YouGov has Gov Hickenlooper, who before entering the race was seeking the Democratic nomination for president, with an eight-point advantage over Senator Gardner.
GOP Sen. Martha McSally lost her bid for the other senate seat in Arizona in 2018 to Democrat Kyrsten Sinema but, following the death of long-time Arizona Senator John McCain, she was appointed to the seat by Republican Gov Doug Ducey.
However, she faces an uphill battle to keep hold of her seat, going up against former astronaut Mark Kelly, the husband of former Arizona Representative Gabrielle Giffords, a hero of the gun control movement since she was shot, at a campaign event in 2011.
Arizona has been reliably red for some time, but its growing Latino population favours the Democrats, and as such, according to YouGov, Sen. McSally trails Kelly by 11 points.
The state of Georgia was marred in controversy during the 2018 midterm elections when there were numerous allegations of voter suppression after civil rights activist Stacey Abrams, a Democrat, narrowly lost to Republican incumbent Brian Kemp in the gubernatorial election.
The feeling was that this often reliably red state was shifting blue and Abrams’ close race was the first signal of this.
As a result, the Senate race between Republican incumbent Sen. David Perdue and Democrat challenger Jon Ossoff is, certainly one to keep an eye on.

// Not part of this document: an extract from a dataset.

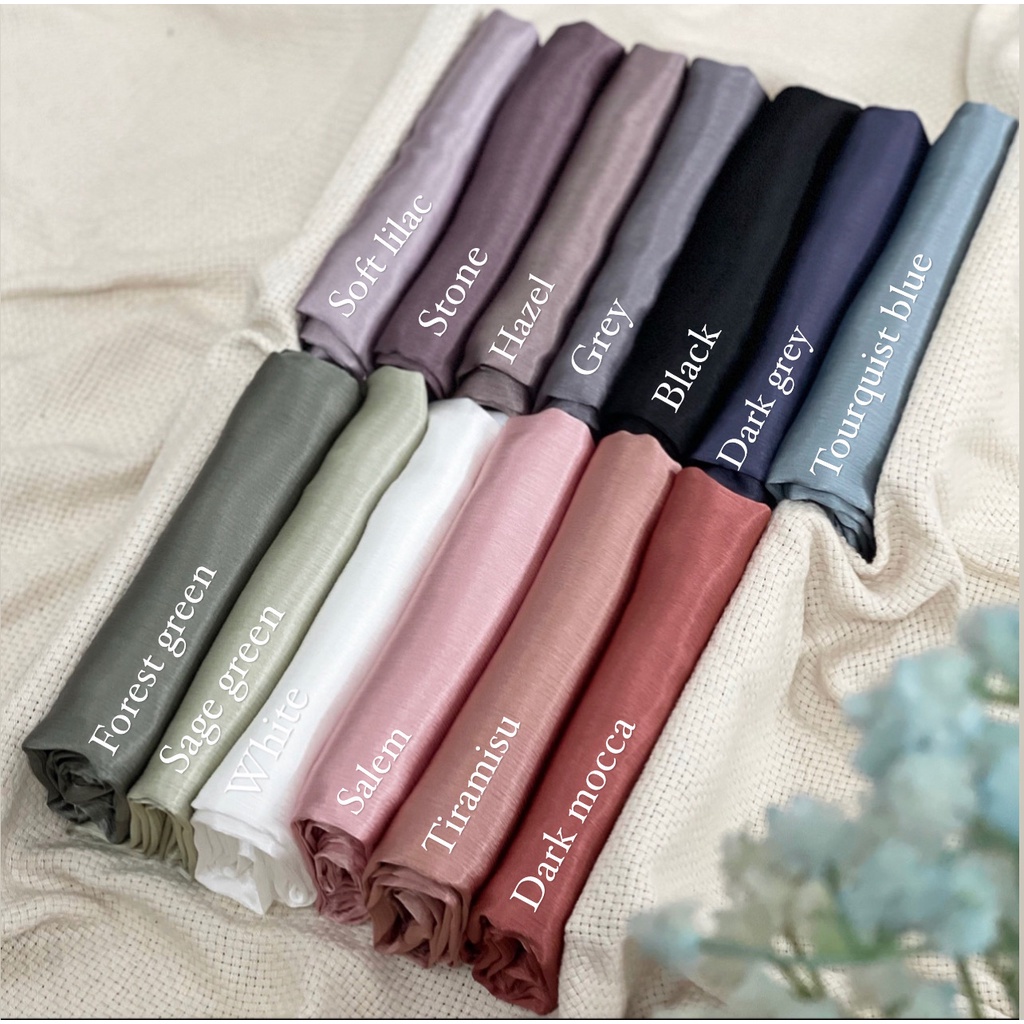 Koyu Hijab Pasmina Premium CRADENZIA SILK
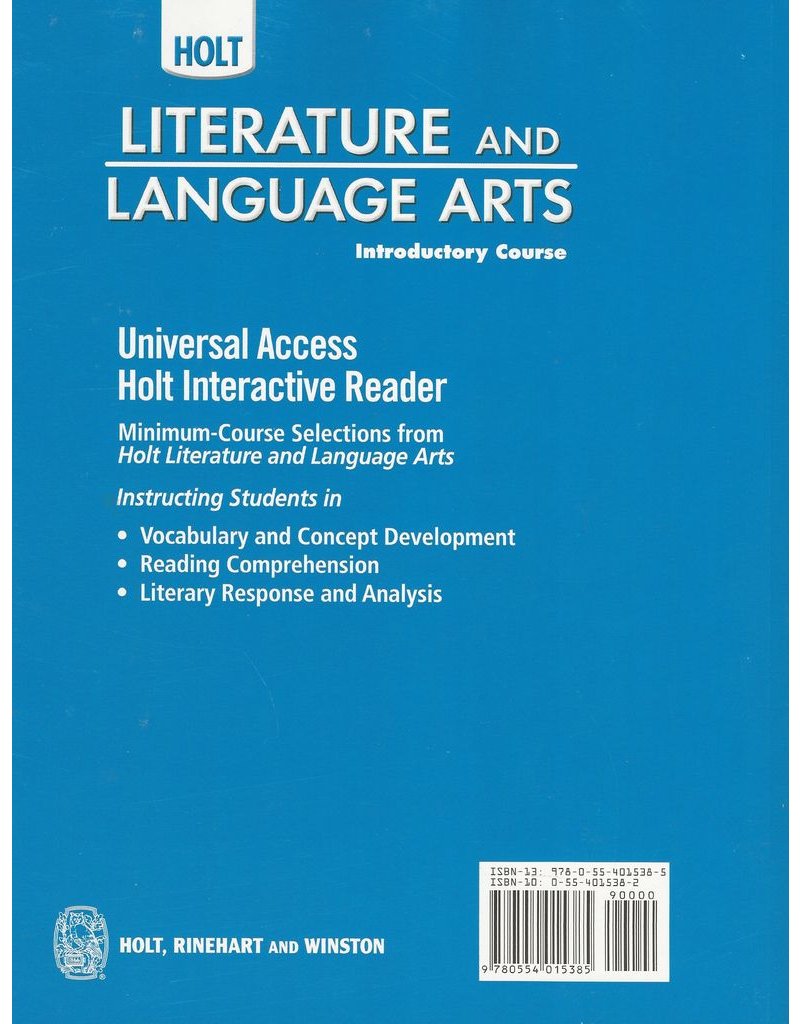 Holt Literature And Language Arts California: Universal Access: Interactive Reader Grade 6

YouGov gives Perdue a one-point lead in this race, and should Ossoff pull off an upset and win, it could signal that the election night is going to be a particularly rough one for Republicans all over the country.
Not all of the Senate races to keep an eye on are those where Republican-controlled seats could potentially flip Democrat, the Senate race in Alabama is between incumbent Democrat Sen. Doug Jones and a former college football coach, Republican Tommy Tuberville.
By all indications, Sen. Jones’ narrow victory in the 2017 special election was extremely lucky, having gone up against Republican Roy Moore, who in the run-up to the election was accused of sexually assaulting numerous women and minors.
The battle will in all likelihood be a lot tougher for Sen. Jones this time around, with numerous polls giving Tuberville a double-digit lead in a state where Trump remains incredibly popular.
In truth Democrats have zero business being competitive in Montana, which Trump won by 20 points in 2016 and continues to poll six points ahead of Biden.
However, the Democrat challenger to Republican incumbent Sen. Steve Daines is just about the only person who could make this race a challenge. Governor Steve Bullock, whose popularity in the state rose even higher than it already was after his management of the state’s coronavirus response.
Similarly to Georgia, the Democrats chances of winning this state would still be classed as a long shot, with state-wide polls giving Daines a slim lead, but should Bullock emerge victorious it serves as a great omen for Democrats all over.
This is the one to watch.
GOP Sen. Lindsey Graham is facing an incredibly stiff challenge in a state that Trump won in 2016 but 14 points, going up against Jaime Harrison, the protégé of House of Representatives Majority Whip Jim Clyburn.
The thing that makes this particular race so remarkable and intriguing is that Graham and Harrison are on opposite ends of the political spectrum.
Graham has been a major Trump ally since 2016, whereas Harrison is unapologetically progressive, advocating for expanded healthcare coverage and the legalisation of cannabis.
This race is already the most expensive Senate race ever, with the two sides spending over $250m combined.
South Carolina has had a long history of racial bloc voting, and the backlash from African-Americans against Trump and Graham could prove crucial as Harrison looks to take the seat from Graham that he inherited from segregationist Strom Thurmond.
A Quinnipiac University poll has neither candidate with a lead over the other – something that will give Harrison more than enough hope that he can pull off the upset on election night.